→ GIVEN DATA:
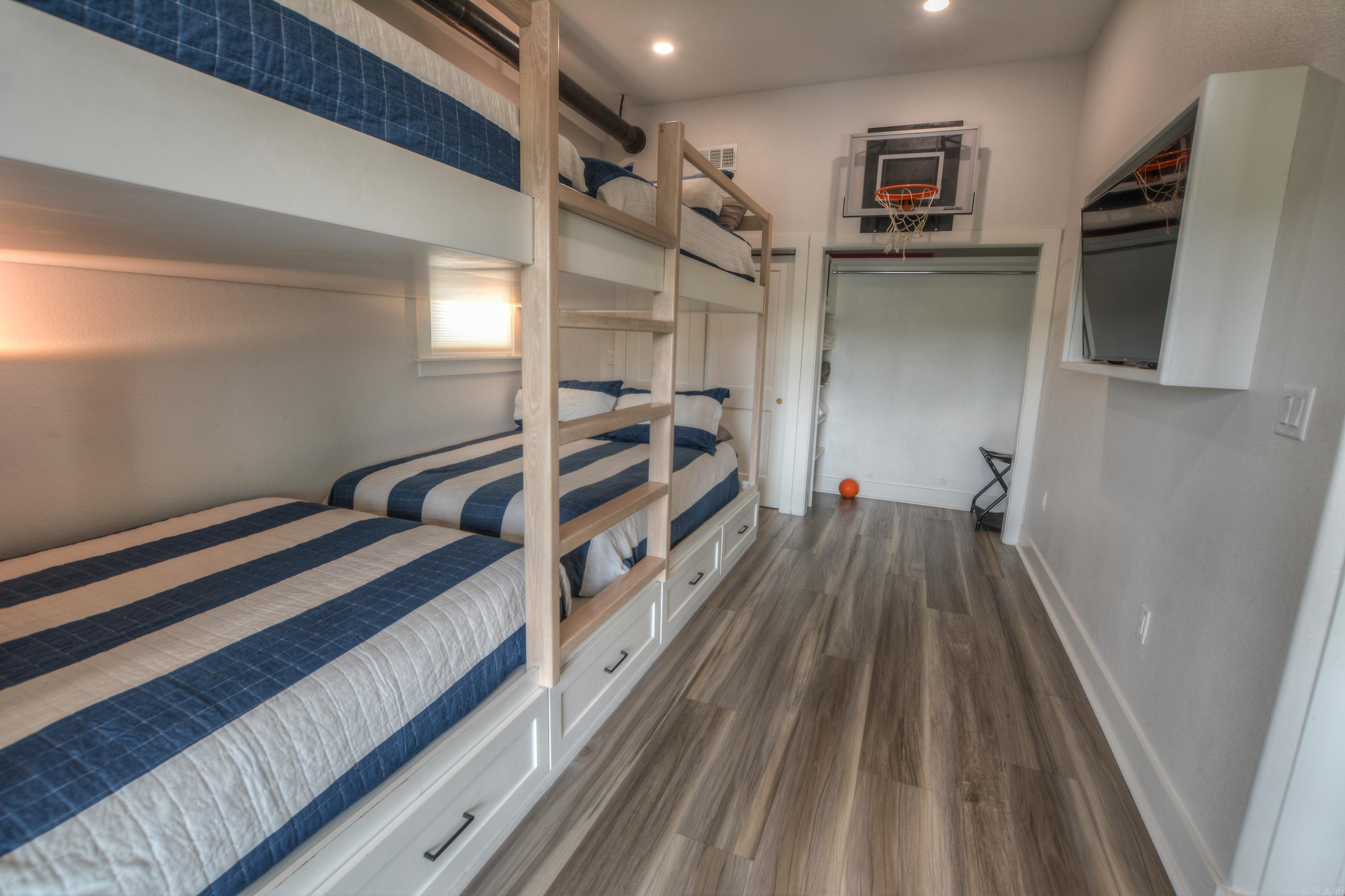 Turnkey Waterfront STR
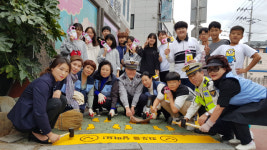 고성군, 고성초등학교서 노란발자국 설치 스쿨존 안전캠페인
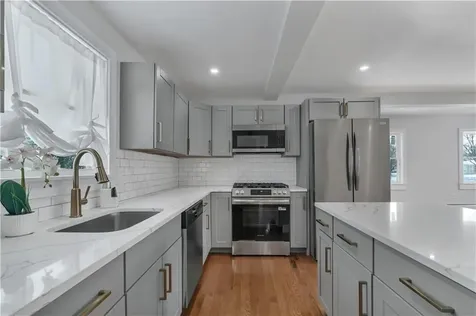 79 Suburban Parkway Warwick RI 02889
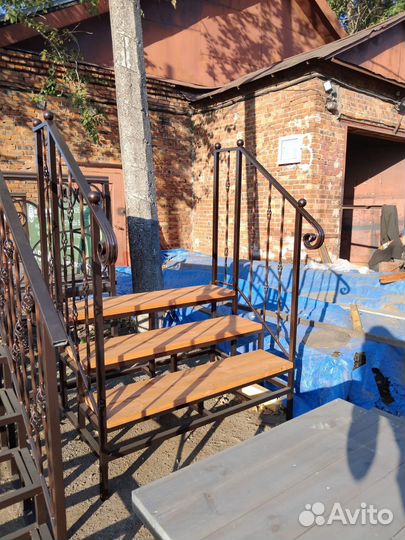 Крыльцо металлическое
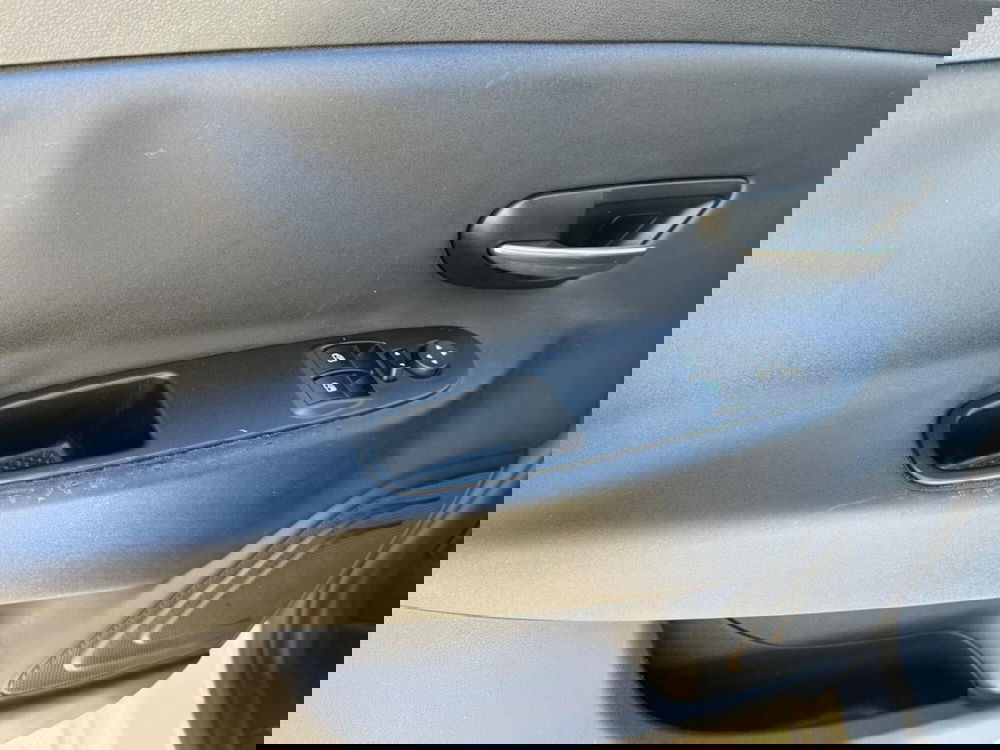 Lancia Ypsilon usata a Cosenza (7)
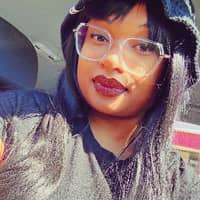 Sitter Profile Image: Malia W.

→ EXERCISE PROMPT: No pictures belong in the copy. Transcribe every entry exactly.

→ ANSWER TO THE EXERCISE:
 Turnkey Waterfront STR
 고성군, 고성초등학교서 노란발자국 설치 스쿨존 안전캠페인
 79 Suburban Parkway Warwick RI 02889
 Крыльцо металлическое
 Lancia Ypsilon usata a Cosenza (7)
 Sitter Profile Image: Malia W.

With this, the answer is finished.